* WHAT IS NEEDED *
Print the line containing "Hello everyone, it's", then every line after it through the end of the material, exactly as written and without pictures.

* DATA PROVIDED *
==========
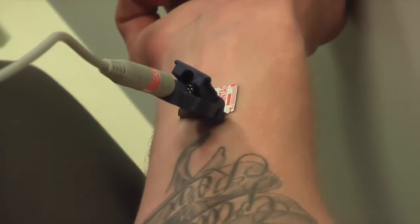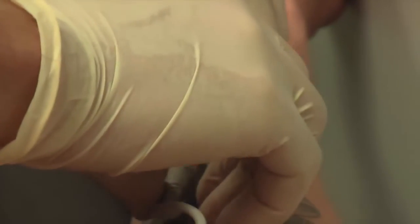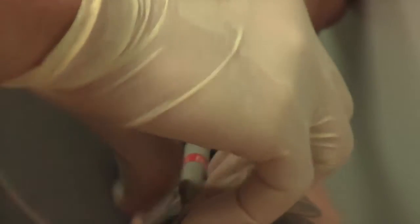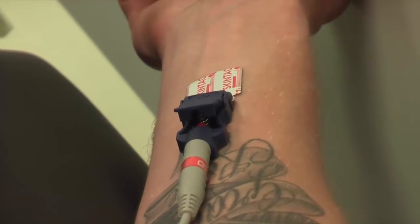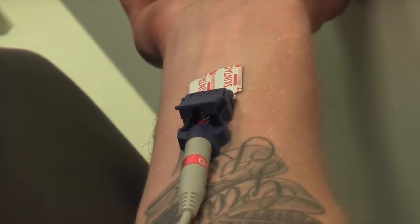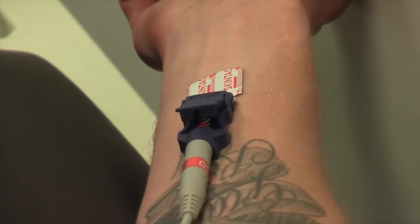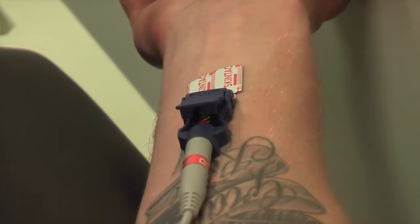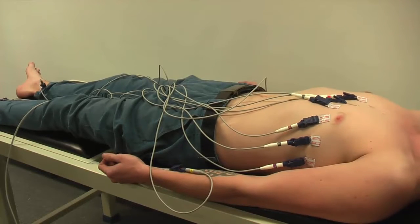If you have an electrode that's not sitting properly, loosen the cable and twist the banana plug so that the alligator clip is then able to sit flat against the skin. This will prevent the alligator clip from lifting the electrode from the skin and breaking contact.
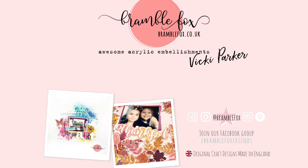Hello everyone, it's Vicky here today, designing for Bramble Fox, and I'm using perspectives from the November Fox box.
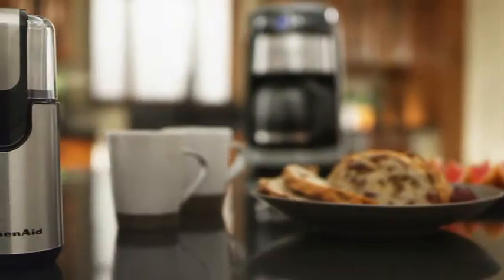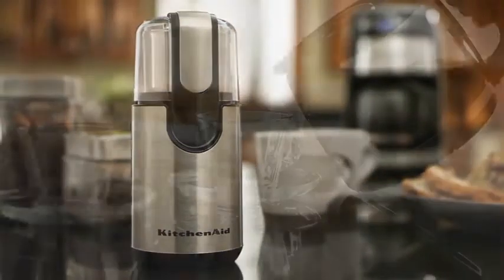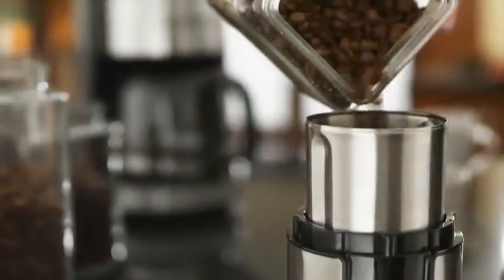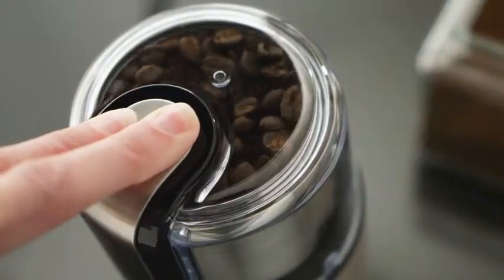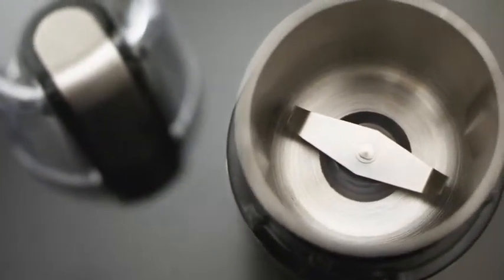The KitchenAid Blade Coffee Grinder combines high performance with classic styling to deliver gourmet results every time. Flawless fingertip control lets you grind enough beans to brew up to 12 cups of coffee quickly and with minimal noise. And the bowl, blade and cover are dishwasher safe.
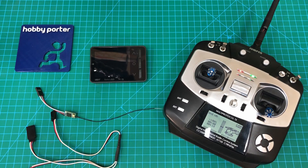Hello and thank you for tuning in to another Hobby Porter video. Today we're going over one of the features of the ISDT BG8S cell checker.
==========
* RESPONSE TO THE EXERCISE *
Hello everyone, it's Vicky here today, designing for Bramble Fox, and I'm using perspectives from the November Fox box.
The KitchenAid Blade Coffee Grinder combines high performance with classic styling to deliver gourmet results every time. Flawless fingertip control lets you grind enough beans to brew up to 12 cups of coffee quickly and with minimal noise. And the bowl, blade and cover are dishwasher safe.
Hello and thank you for tuning in to another Hobby Porter video. Today we're going over one of the features of the ISDT BG8S cell checker.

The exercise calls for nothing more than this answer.